Until recently, corticosteroids were recommended and they are still commonly used as an appetite stimulant; however, the weight gained is usually fluid and muscle catabolism is accelerated. Also, any benefit in appetite stimulation tends to be short-lived. Thus, their use should be limited to short term only.
Nausea and vomiting
Nausea and vomiting is common, and often due to use of opioids without antiemetics such as haloperidol 1.5 mg × 1–2 daily or metoclopramide 10–20 mg × 3 daily. When nausea and vomiting are associated with chemotherapy, patients should have an antiemetic, starting with metoclopramide or domperidone, but if the risk of nausea and vomiting is high, give a specific 5HT3 antagonist, e.g. ondansetron 8 mg orally or by slow i.v. injection.
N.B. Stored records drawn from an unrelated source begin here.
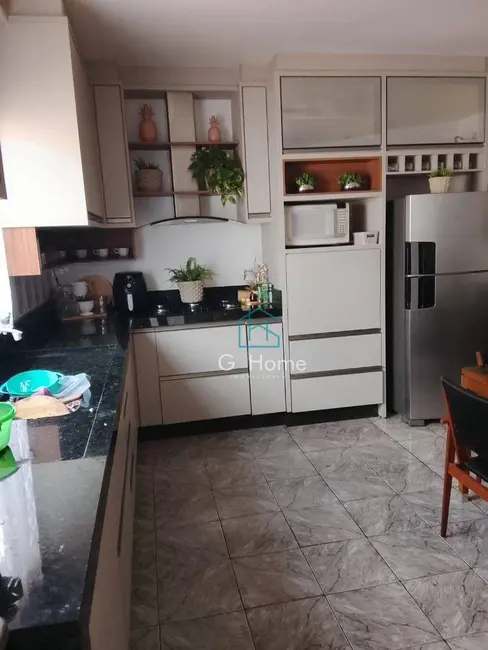 Foto 3 de Casa com 2 quartos à venda, 300m2 em Jardim São Paulo, Cambe - PR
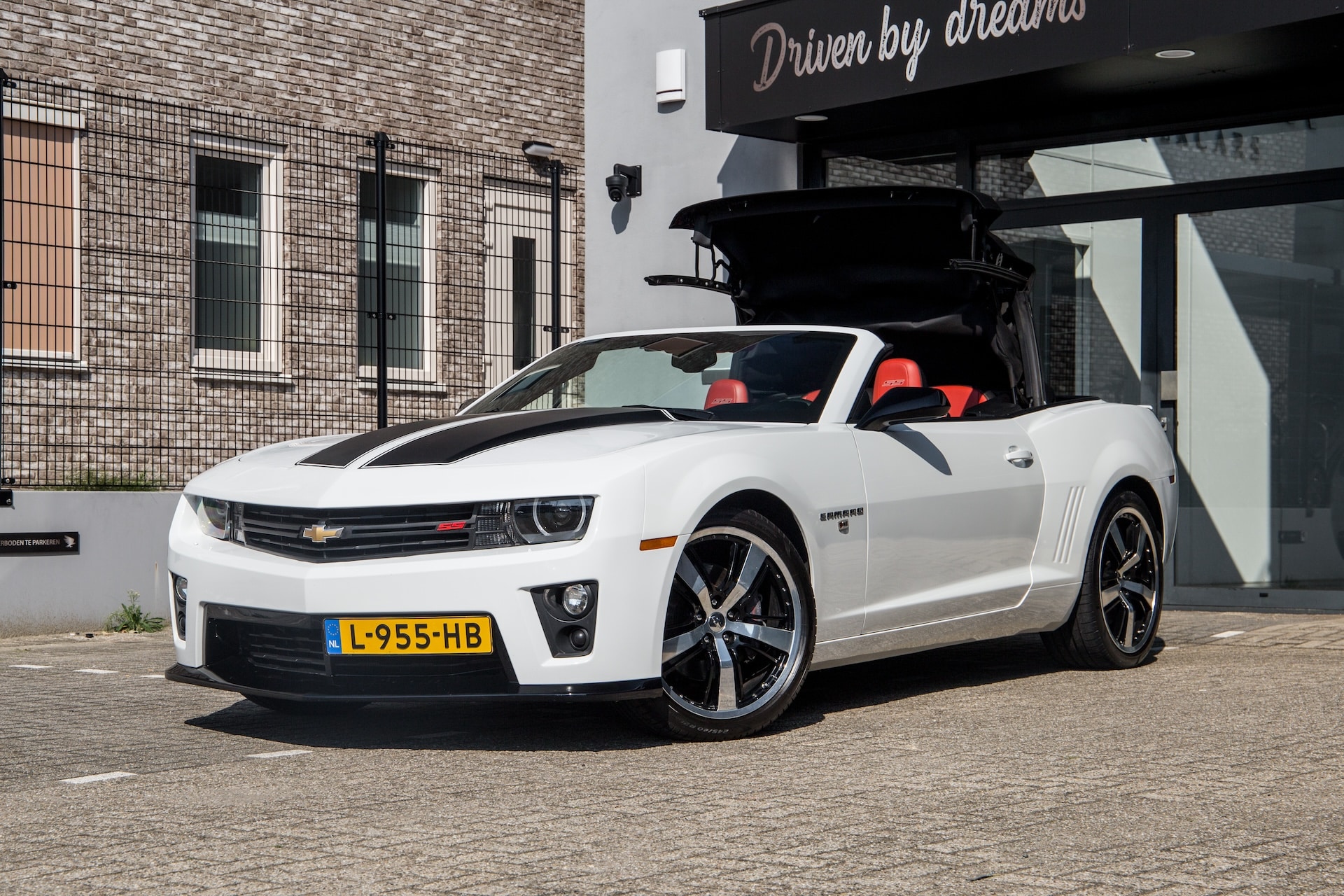 chevrolet camaro cabrio vooraanzicht 2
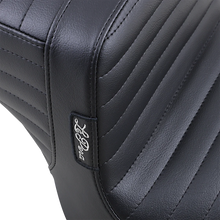 Load image into Gallery viewer, Le Pera Tailwhip Seat - Pleated - Black - XL &#39;10-&#39;22 LK-586PT - Side View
For most chemical causes, e.g. hypercalcaemia, haloperidol 1.5–3 mg daily is the first choice. Metoclopramide is also a prokinetic and therefore useful for emesis due to gastric stasis or constipation. Cyclizine 50 mg × 3 daily is also used.
For any cause of vomiting, it may be necessary to start antiemetic therapy parenterally by continuous subcutaneous infusion to gain control. If the patient has gastrointestinal obstruction, this route may need to be continued.